Очевидно, какое разнообразие оттенков и ситуаций можно обнаружить в мусульманском фольклоре. Как мы уже говорили, привязанность евреев к закону Моисея отнюдь не остается незамеченной. Различные авторы относились к этому, следуя своим привычкам и чертам характера. Так, один поэт приводит следующее сравнение: «Восход солнца радует нас так же, как наступление субботы евреев».
Теолог Газали восхвалял набожность евреев: «Посмотрите на евреев и на крепость их веры, которую не могут поколебать угрозы, преследования и оскорбления, равно как убеждения, доказательства и внушения». Свободомыслящий поэт Абу-ль-Аля, которого мы уже Цитировали ранее, был к ним менее благосклонен: «Все, что вы рассказываете нам о Боге, это лишь сказки и старые басни, искусно придуманные евреями». Теолог Ибн Хазм проявил тонкий дар наблюдательности, высмеивая бродячих еврейских раввинов:
«… Евреи рассеяны на востоке и на западе, на юге и на севере.
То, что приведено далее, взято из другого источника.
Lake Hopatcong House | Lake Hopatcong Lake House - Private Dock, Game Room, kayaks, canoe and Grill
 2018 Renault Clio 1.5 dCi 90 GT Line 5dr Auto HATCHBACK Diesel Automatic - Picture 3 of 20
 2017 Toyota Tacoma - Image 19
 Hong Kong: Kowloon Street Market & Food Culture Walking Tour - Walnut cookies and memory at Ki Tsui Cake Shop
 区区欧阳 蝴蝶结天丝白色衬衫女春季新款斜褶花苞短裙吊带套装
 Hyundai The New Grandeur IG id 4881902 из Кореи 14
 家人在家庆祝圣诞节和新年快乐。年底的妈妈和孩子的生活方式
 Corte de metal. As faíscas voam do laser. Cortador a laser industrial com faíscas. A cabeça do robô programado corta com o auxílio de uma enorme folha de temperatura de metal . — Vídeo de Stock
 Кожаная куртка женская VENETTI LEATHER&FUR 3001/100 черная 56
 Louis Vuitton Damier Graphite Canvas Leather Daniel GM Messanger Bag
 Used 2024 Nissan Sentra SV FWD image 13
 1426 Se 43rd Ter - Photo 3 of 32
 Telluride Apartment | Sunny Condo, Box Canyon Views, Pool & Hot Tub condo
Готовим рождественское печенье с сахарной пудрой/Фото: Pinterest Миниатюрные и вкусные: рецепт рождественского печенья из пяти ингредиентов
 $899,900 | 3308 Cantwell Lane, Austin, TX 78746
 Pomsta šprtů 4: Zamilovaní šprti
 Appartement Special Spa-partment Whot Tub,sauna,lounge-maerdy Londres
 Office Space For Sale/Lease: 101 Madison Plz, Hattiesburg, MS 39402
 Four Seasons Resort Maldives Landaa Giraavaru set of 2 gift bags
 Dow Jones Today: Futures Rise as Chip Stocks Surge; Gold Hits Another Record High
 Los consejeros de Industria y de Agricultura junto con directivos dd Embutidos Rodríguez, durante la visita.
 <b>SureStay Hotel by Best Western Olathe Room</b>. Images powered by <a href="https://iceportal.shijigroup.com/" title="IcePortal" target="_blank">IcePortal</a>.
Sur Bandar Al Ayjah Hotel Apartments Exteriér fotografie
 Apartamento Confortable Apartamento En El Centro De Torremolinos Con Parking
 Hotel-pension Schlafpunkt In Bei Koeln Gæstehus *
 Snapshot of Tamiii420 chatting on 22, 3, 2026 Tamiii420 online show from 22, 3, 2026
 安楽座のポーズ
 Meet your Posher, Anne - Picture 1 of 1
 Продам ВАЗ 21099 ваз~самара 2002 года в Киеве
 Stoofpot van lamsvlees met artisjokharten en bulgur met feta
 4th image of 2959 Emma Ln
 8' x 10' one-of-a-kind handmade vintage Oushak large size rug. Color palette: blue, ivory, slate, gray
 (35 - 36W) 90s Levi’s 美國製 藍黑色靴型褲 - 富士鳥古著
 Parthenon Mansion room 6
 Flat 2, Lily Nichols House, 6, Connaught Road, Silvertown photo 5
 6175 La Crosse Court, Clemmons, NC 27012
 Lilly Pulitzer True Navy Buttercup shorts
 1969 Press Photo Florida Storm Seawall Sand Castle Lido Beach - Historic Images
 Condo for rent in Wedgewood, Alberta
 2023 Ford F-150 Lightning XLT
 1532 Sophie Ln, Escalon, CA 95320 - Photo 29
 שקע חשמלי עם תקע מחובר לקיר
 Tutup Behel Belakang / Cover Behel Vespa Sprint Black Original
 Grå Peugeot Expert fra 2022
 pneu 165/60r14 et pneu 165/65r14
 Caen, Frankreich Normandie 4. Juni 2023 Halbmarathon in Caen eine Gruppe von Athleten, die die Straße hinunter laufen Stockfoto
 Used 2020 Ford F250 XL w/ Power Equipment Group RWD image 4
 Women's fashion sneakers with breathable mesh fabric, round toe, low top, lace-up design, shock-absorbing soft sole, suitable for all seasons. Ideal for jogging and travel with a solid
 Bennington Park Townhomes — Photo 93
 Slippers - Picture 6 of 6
Когда одну из их общин посещает еврей, прибывший издалека, то он начинает проявлять исключительное усердие в исполнении заповедей. Если же он еще и знаток Закона, то он начинает диктовать свои предписания, запрещая то и это. Чем больше он усложняет всем жизнь, тем больше все восклицают: «О, воистину, это настоящий ученый!», потому что тот, кто накладывает на них самые суровые ограничения, почитается ими как самый ученый…»
Отметим еще, что верные учению Корана о благотворительности мусульманские законоведы предписывали распространять ее на неверных. Об этом свидетельствует апология, включенная в юридический трактат IX века «Китаб-ал-Харадж» (Книга о налогах):
«Халиф Омар проходил мимо группы людей и увидел, что там остановился слепой и очень старый нищий. Халиф подошел к нему сзади, дотронулся до его руки и спросил:
– Кто ты?
– Я исповедую религию откровения.
– Какого именно откровения?
– Я еврей.
– А что заставило тебя заниматься тем, что ты сейчас делаешь?
– Я собираю ровно столько подаяния, чтобы хватило заплатить подушную подать и еще осталось мне на еду и самое необходимое.
Тогда Омар взял старика за руку, привел его к себе и дал ему разные
вещи. Потом он отправил хранителю государственной сокровищницы
такое послание: «Посмотри на этого нищего и на таких как он! Воистину, мы несправедливы к нему. Мы использовали его молодость, а теперь мы унижаем его, когда он стал немощным. Выдели ему долю из
мусульманских благотворительных пожертвований, потому что он относится к тем, кого Аллах относит к неимущим, ибо сказано: «Благотворительные пожертвования предназначаются для бедных и неимущих» (Коран, X, 60); бедные это мусульмане, но этот человек относится к неимущим последователям религий откровения». И халиф приказал освободить от подушной подати этого старика и подобных ему».
Таким был ислам в эру халифов. Почему же в дальнейшем, в эпоху, когда новая Европа открывала для себя добродетели терпимости, исламский мир погружался в темноту летаргии или в фанатизм? Этот вопрос выходит далеко за рамки настоящего исследования.